The internships also helped shape my critical insights into aspects of public engagement and how the relationships between museums and their visitors and volunteers can be mutually beneficial. My close work with Historyworks and IPUP after the internships had been completed meant I was able to pursue roles that aligned me closely with current debates and discussions centreing on public engagement within museums and universities. I am currently involved in two projects that focus on facilitating discussion about public engagement and the impact of museums and academic work.
The first of these is the ‘Supporting Practice in Participation’ project. This is an Arts Council funded project in partnership with IPUP, The Diversity in Heritage Group, The Collections Trust, and The British Museum aiming to encourage museums, heritage institutions and arts organisations to pool expertise about public participation. My role is both administrative and research-based and has developed my familiarity with current discussions, debates and case-studies surrounding participatory practices at a range of organisations.

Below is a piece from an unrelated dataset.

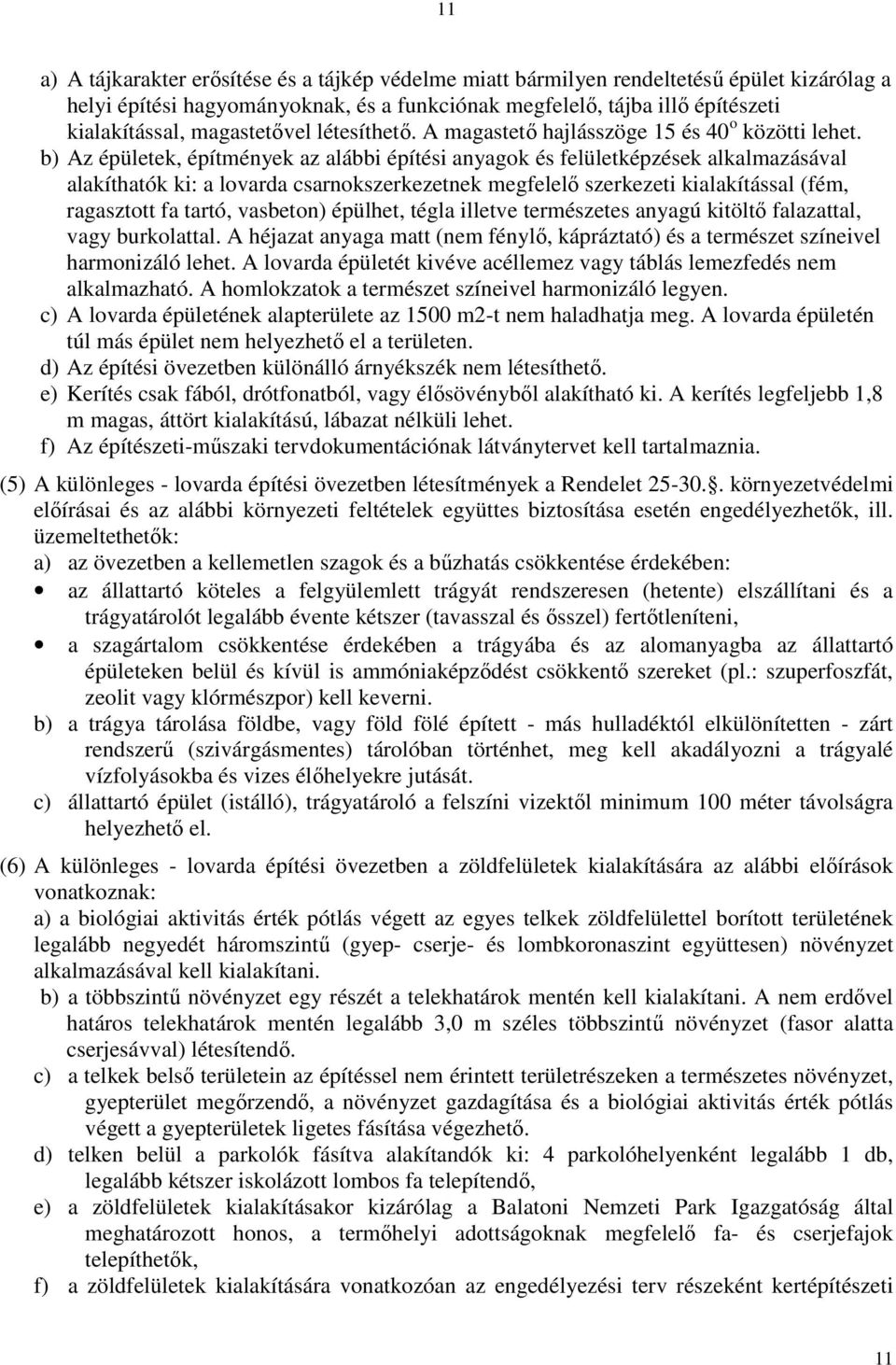 b) Az épületek, építmények az alábbi építési anyagok és felületképzések alkalmazásával alakíthatók ki: a lovarda csarnokszerkezetnek megfelelő szerkezeti kialakítással (fém, ragasztott fa tartó,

The second project is entitled ‘The Public History of Science, Technology, Engineering and Medicine’ (PhoSTEM) and is a series of workshops funded by the Arts and Humanities Research Council and coordinated by the Science Museum, London; IPUP; and the Centre for the History and Philosophy of Science, University of Leeds. These workshops are designed to facilitate relationships between UK heritage organisations and research institutions and to encourage reflective practice. These events provide opportunities for those working in arts management and academia to develop accessible and innovative ways of encouraging public engagement with the history of science, technology, engineering and medicine. My role involves writing reports for the workshops and, much like the ‘Supporting Practice in Participation’ project, it allows me to be part of, and witness to, the current discussions surrounding public engagement. The first of these reports can be viewed here in PDF format.
My CV is now a concise illustration of the many transformations and opportunities that arose from the IPUP internships. They presented with me new challenges regularly, together with support and training which will undoubtedly continue to aid me in my career.